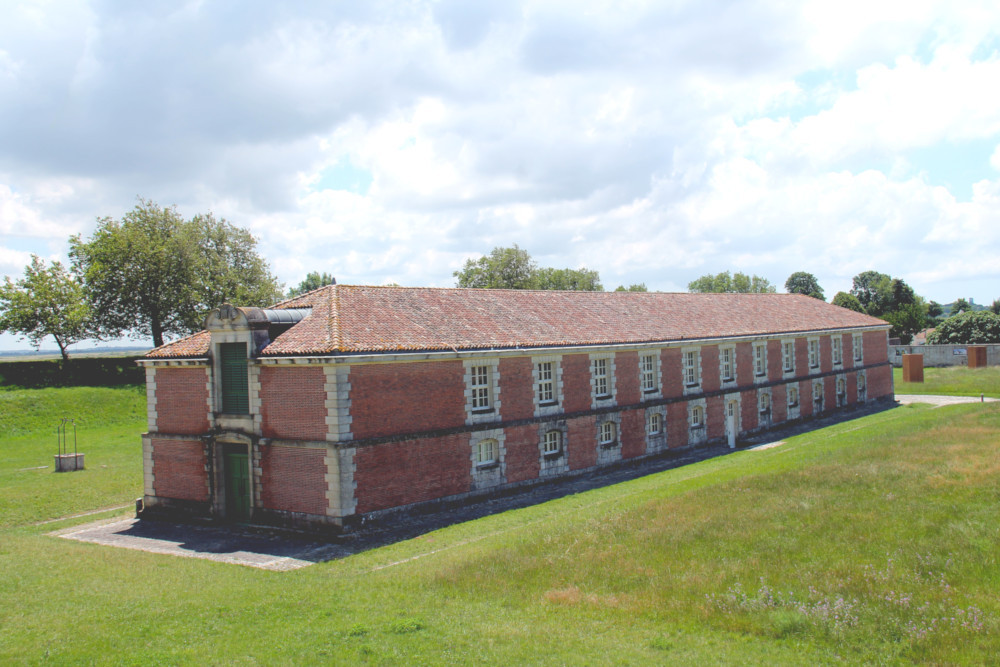 Halle aux vivres à Brouage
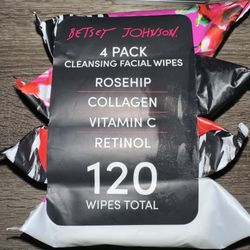 Betsy Johnson Facial  Wipes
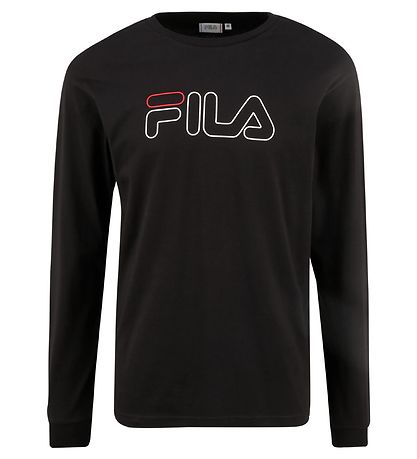 Fila Sweatshirt - Liam Crew - Black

++++++++

**What is expected**
Where the material contains pictures, leave them out and copy the rest verbatim.

**Completed task**
 Halle aux vivres à Brouage
 Betsy Johnson Facial  Wipes
 Fila Sweatshirt - Liam Crew - Black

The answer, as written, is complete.